Journal of Respiratory Physiology and Neurobiology.
Ainslie PN1, Lucas SJ2, Burgess KR 3,4.
1 Centre of Heart, Lung and Vascular Health, School of Health and Exercise Sciences, University of British Columbia, Okanagan Campus, British Columbia, Canada. 2 School of Sport, Exercise and Rehabilitation Sciences, College of Life and Environmental Sciences, University of Birmingham, Edgbaston, Birmingham, UK. 3 Peninsula Sleep Clinic, Sydney, New South Wales, Australia. 4 Department of Medicine, University of Sydney, Sydney, New South Wales, Australia.

Highlights

• Ventilatory acclimatization to altitude involves cellular and neurochemical re-organization in the peripheral chemoreceptors and CNS.
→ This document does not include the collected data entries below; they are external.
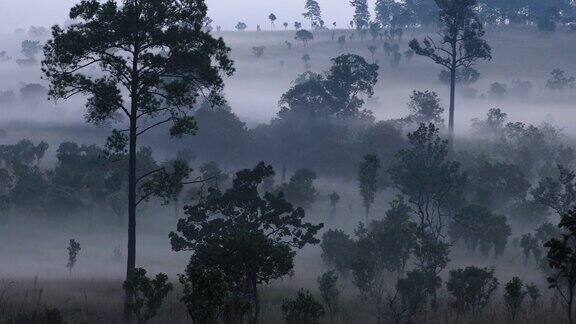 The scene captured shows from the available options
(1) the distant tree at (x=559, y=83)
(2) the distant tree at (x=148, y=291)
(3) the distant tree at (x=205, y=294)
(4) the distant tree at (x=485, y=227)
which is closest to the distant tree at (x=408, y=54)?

• Sleep at high altitude is disturbed by various factors, but principally by periodic breathing (PB).
• The extent of PB during sleep at altitude intensifies with duration and severity of exposure and is explained in part by elevations in loop gain.
• Because PB may elevate rather than reduce mean SaO2 during sleep this may represent an adaptive rather than maladaptive response.
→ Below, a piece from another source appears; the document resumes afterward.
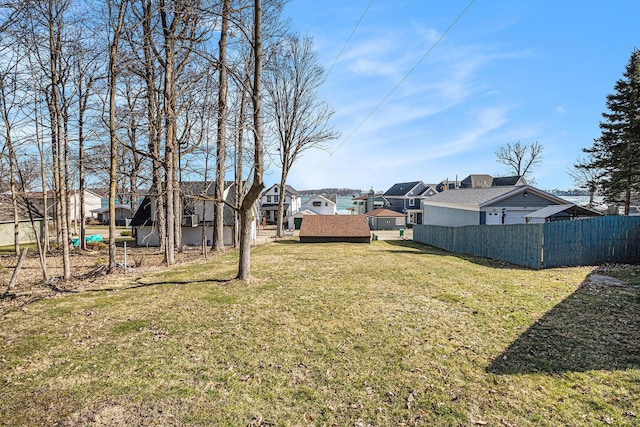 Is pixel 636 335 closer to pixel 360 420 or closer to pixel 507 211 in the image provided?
pixel 360 420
• Although new mechanical and pharmacological means are emerging, oral acetazolamide remains the most effective and practical means to reduce PB.

Abstract:
We provide an updated review on the current understanding of breathing and sleep at high altitude in humans. We conclude that: (1) progressive changes in pH initiated by the respiratory alkalosis do not underlie early (<48 h) ventilatory acclimatization to hypoxia (VAH) because this still proceeds in the absence of such alkalosis; (2) for VAH of longer duration (>48 h), complex cellular and neurochemical re-organization occurs both in the peripheral chemoreceptors as well as within the central nervous system. The latter is likely influenced by central acid-base changes secondary to the extent of the initial respiratory responses to initial exposure to high altitude; (3) sleep at high altitude is disturbed by various factors, but principally by periodic breathing; (4) the extent of periodic breathing during sleep at altitude intensifies with duration and severity of exposure; (5) complex interactions between hypoxic-induced enhancement in peripheral and central chemoreflexes and cerebral blood flow – leading to higher loop gain and breathing instability – underpin this development of periodic breathing during sleep; (6) because periodic breathing may elevate rather than reduce mean SaO2 during sleep, this may represent an adaptive rather than maladaptive response; (7) although oral acetazolamide is an effective means to reduce periodic breathing by 50–80%, recent studies using positive airway pressure devices to increase dead space, hyponotics and theophylline are emerging but appear less practical and effective compared to acetazolamide. Finally, we suggest avenues for future research, and discuss implications for understanding sleep pathology.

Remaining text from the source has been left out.